The last international climate jamboree, in Durban in 2011, could only agree to agree later about what to do after 2020.
Second, our continued dependence on fossil fuels has been underplayed. Fossil fuels are the most efficient energy source we have. There is no practical substitute for oil and gas in the transport sector, and gas remains critical in the power generation sector.
Third is the little-acknowledged fact that current renewable energy technologies cannot make a meaningful long-term contribution to emission reductions. The problem, essentially, is one of scale. If the windiest 10 per cent of Britain were to be covered with wind turbines, they would produce only the equivalent daily power per person that it takes to drive the average car 25km.
And renewable technologies are costly. Their introduction has been possible only with substantial subsidies. Germany's annual subsidy bill for renewables alone is now €20 billion ($33 billion).
The cost of subsidising renewables has now become a major issue in Germany's upcoming parliamentary elections. And energy bills there have yet to be hit by the cost of maintaining conventional backup generation for when the wind is not blowing or the sun is not shining. To cope, Germany is importing cheap coal, which is pushing emissions up again.
In Britain, too, headlines speak of potential brownouts and energy price rises as a consequence of the failure to invest in new conventional power generation.
President Barack Obama, in a recent speech on climate change, said the US should "strengthen natural gas", because "... it not only can provide safe, cheap power, but it can also help reduce our carbon emissions".
Here's why. Over the past decade, increased global power generation has been largely fuelled by coal. For example, from 2000 to 2010 China's annual coal imports increased from 2.1 million tonnes to 176.3 million tonnes. It is a trend that the International Energy Agency expects will continue throughout Asia.
Among fossil fuels, coal is the biggest contributor by far to CO2 emissions, producing 30 per cent more of the greenhouse gas per unit of energy than oil and 90 per cent more than natural gas. If natural gas replaced coal in power production the result would be a rapid and significant reduction in global emissions. This substitution is now possible.
Already gas is displacing coal in the US and, as a result, the US Energy Information Agency has reported an 8 per cent reduction in CO2 emissions in 2012 - a decline that is forecast to continue.
Herein lies the opportunity for New Zealand. Its resource base is largely underexplored, and world-scale natural gas discoveries are quite possible.
The recent announcement that the China National Offshore Oil Corporation is joining the New Zealand exploration effort confirms the market interest and potential.

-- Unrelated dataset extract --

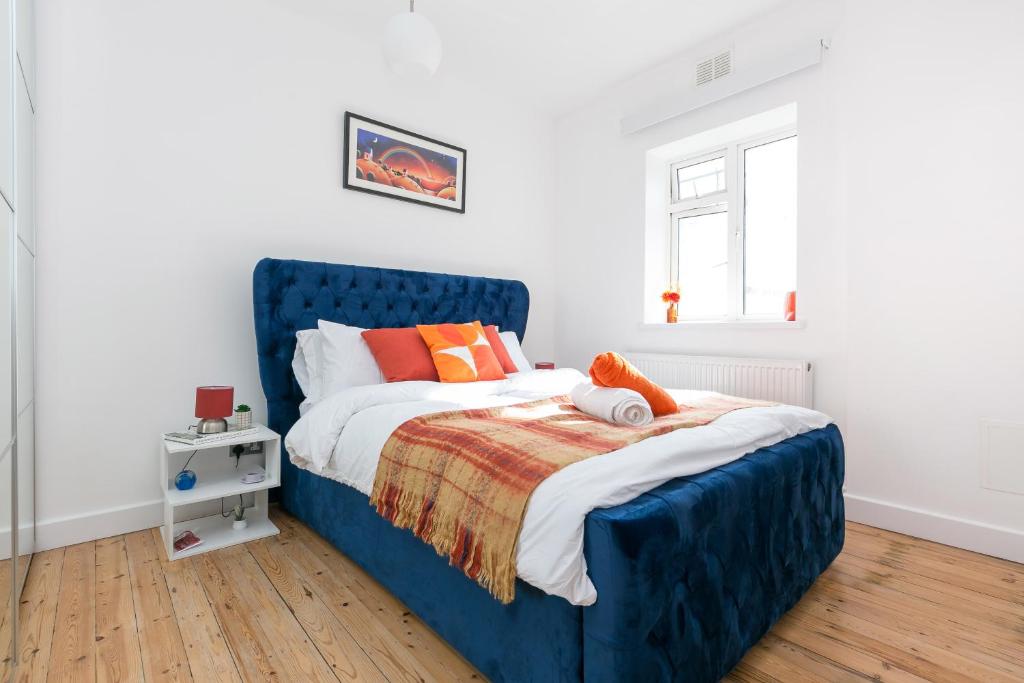 Bett mit blauem Kopfteil in einem Schlafzimmer in der Unterkunft Stylish, Cosy flat W/Parking in London, UK in Raynes Park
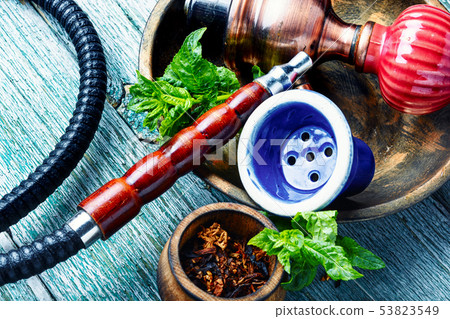 Smoking hookah with mint Smoking hookah with mint 53823549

Mighty River is already bringing geothermal expertise to the US. Our smart-grid technology is among the world's best and our small cities provide the opportunity to develop this.
Our forestry expertise creates biomass potential. And, yes, wind turbines can play a part - ours run twice as often as the global average, giving us internationally marketable operating and maintenance experience.
Far from ignoring our hydrocarbon resources, there is a compelling argument that we should make the most of them.
Frank Duffield is honorary fellow at the University of Auckland Business School's Energy Centre and has more than 30 years' international experience in the energy industry.